Brownlee snapped this photo overlooking the airport prior to their departure.
Challenges like this are flowing all through the supply chain at the moment. I’ve worked with the same freight porter for years so we know each other very well. In more unguarded moments, he says the global freight system is inches from being broken. He sends me trans-Pacific reports, and they are valuable tools. This is how we learn about the containers that are sitting in Los Angeles, the closing of ports in Asia, and the clogging of the Suez canal before these things make headlines. The freight system challenges are not due to any one single event, but are the result of everything that is happening, each facet the potential straw that breaks the camel’s back.
A Note to Frustrated Customers
I’d like to say to everyone who is frustrated due to delays and shortages: everybody at Currey & Company is absolutely doing their best. We are legitimately sorry. This is not the service that we want to provide to anyone but this is where we find our entire industry. We wanted to share this because it’s better to understand why. We hope that by hearing about the various challenges, your understanding can lessen your frustration and help you better manage your own clients’ expectations.

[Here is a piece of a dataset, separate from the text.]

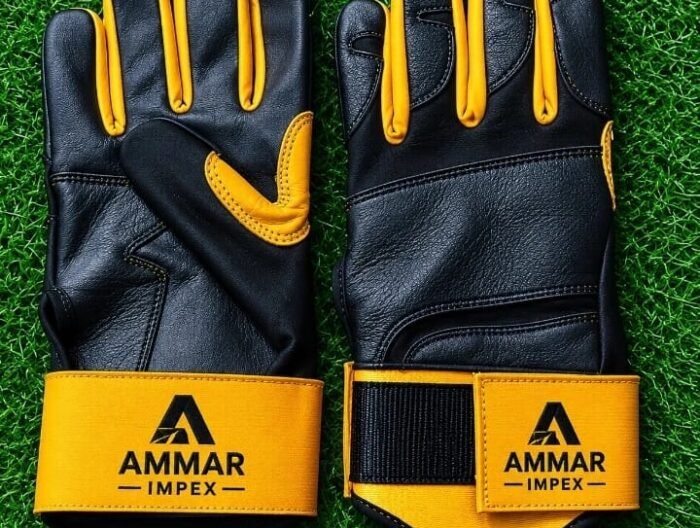 Black & Yellow Contrast Leather Batting Gloves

Looking over vases at a factory in China.
We don’t expect to see this improve until the middle of next year. We are seeing individual elements improve but the supply-chain game lately has been like whack-a-mole: you knock one problem down and another one pops up. This isn’t where anyone wants to be. We’re absolutely going to work our way back to pre-pandemic levels but it will take some time. In the meantime, it’s better to react early so if you as designers or retailers know you’re going to need something, ask for it as early as possible.
Given the supply chain challenges, accurate lead times are really tough. Your information is valid until the moment it’s not. This is not who we are in normal times. The crazy part is that we have the largest open set of orders we’ve every had. We’ve never had this many orders at any other time in our history. And it’s not that anyone is sitting ideally on your order; we are frantically working to fill them. We have record numbers of orders and shipments and will have a record number of deliveries when they start coming in, which is, unfortunately, the only piece we can’t fully control.
An artist’s studio photographed by Brownlee during a trip to China in May 2018.
In closing, I’ll say that I believe we will recover faster than other businesses who didn’t build their own organization overseas. Today we’re relying on the organizations we have had in place for a while, and that is serving us well. We appreciate all of you who value our products and we will all get through this, just not likely in the immediate term. In the meantime, we encourage you to use the in-stock filter on our website to help you find products available immediately. We are still in stock on a large number of our designs, especially lamps and accessories; and, as always, those orders will ship within 48 hours.